# PDF of NFPA 72



## Edrick (Jun 6, 2010)

Anyone have a PDF copy of the NFPA 72 or is there one?


----------



## BBQ (Nov 16, 2010)

Why the NFPA no longer offers codes on disk


----------



## Edrick (Jun 6, 2010)

BBQ said:


> Why the NFPA no longer offers codes on disk


You do say however that it's easy to find one online for free :whistling2:. I wasn't sure if there was previous versions or the 10' online as a PDF. Couldn't seem to find it but my googling skills aren't what they use to be. I suppose I could just pay for the paperback book at the supply house.
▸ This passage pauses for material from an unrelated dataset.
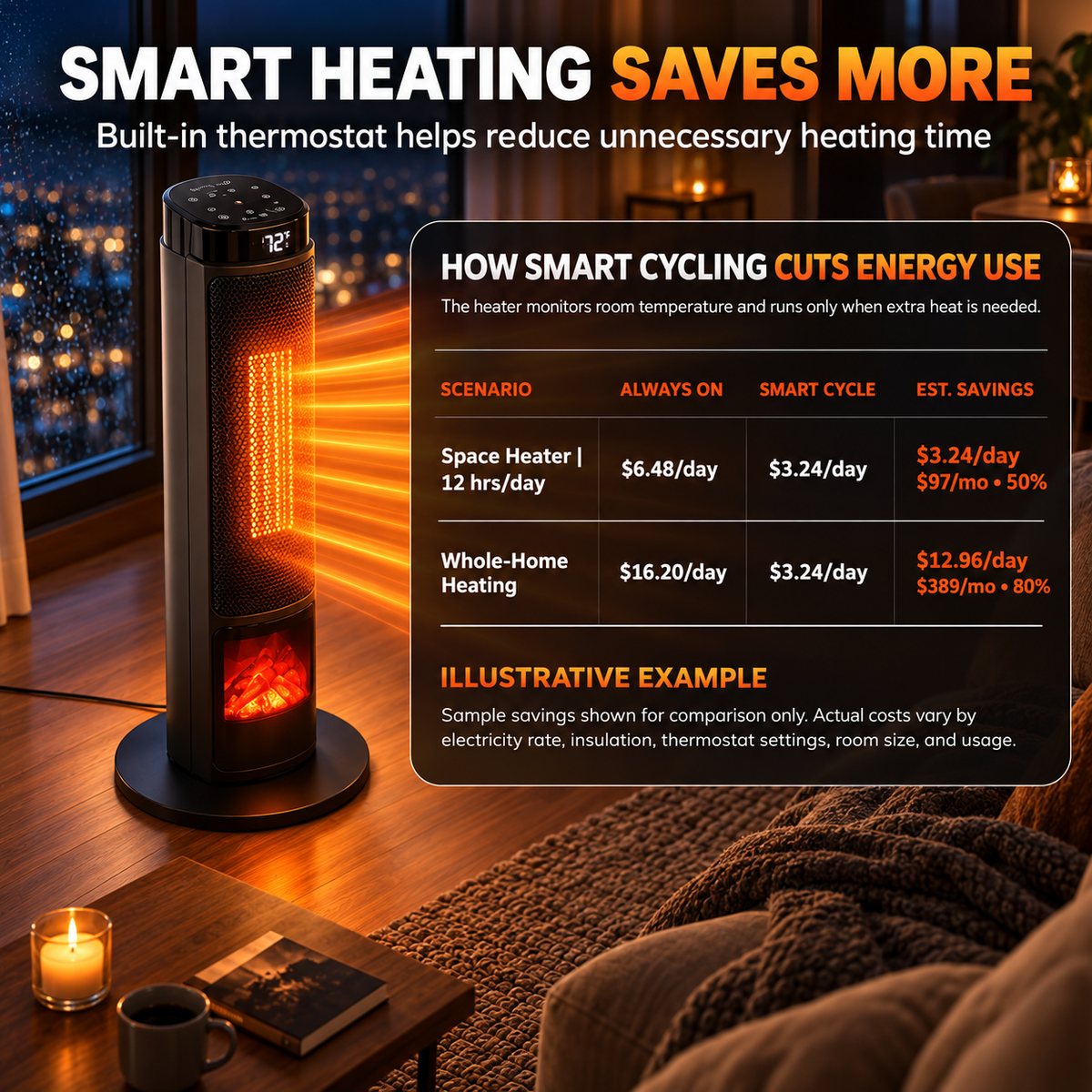 Vecukty Tower Space Heater with 3D Flame, 1500W Portable Electric Heater with Remote Control, Thermostat, 12H Timer for Home Office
But being that I'm not an installer I just wanted to learn up on the code requirements for future endeavors.


----------



## BBQ (Nov 16, 2010)

Edrick said:


> You do say however that it's easy to find one online for free :whistling2:. I wasn't sure if there was previous versions or the 10' online as a PDF. Couldn't seem to find it but my googling skills aren't what they use to be.


There is no 2010.


2002, 2005, 2008, 2011. :thumbsup:


----------



## Chris Kennedy (Nov 19, 2007)

Edrick said:


> Anyone have a PDF copy of the NFPA 72 or is there one?


There is one. Here.


----------



## BBQ (Nov 16, 2010)

Sorry, I missed the 72 part.


----------



## Edrick (Jun 6, 2010)

Chris Kennedy said:


> There is one. Here.


So the options are pay 72.00 for the PDF or 72.00 for the physical book. I feel like they're missing the idea of a PDF (no publishing costs, distribution, etc...)


----------



## Dennis Alwon (May 9, 2009)

I am surprised these are not available online. I have seen the 2011 Handbook and codebook both free online- however we are not allowed to endorse or post links to illegal downloads. I am sorry but I must close the thread.


----------



## Chris Kennedy (Nov 19, 2007)

Edrick said:


> So the options are pay 72.00 for the PDF or 72.00 for the physical book. I feel like they're missing the idea of a PDF (no publishing costs, distribution, etc...)


They have to pay for the millions of catalogs they mail out each day someway.


----------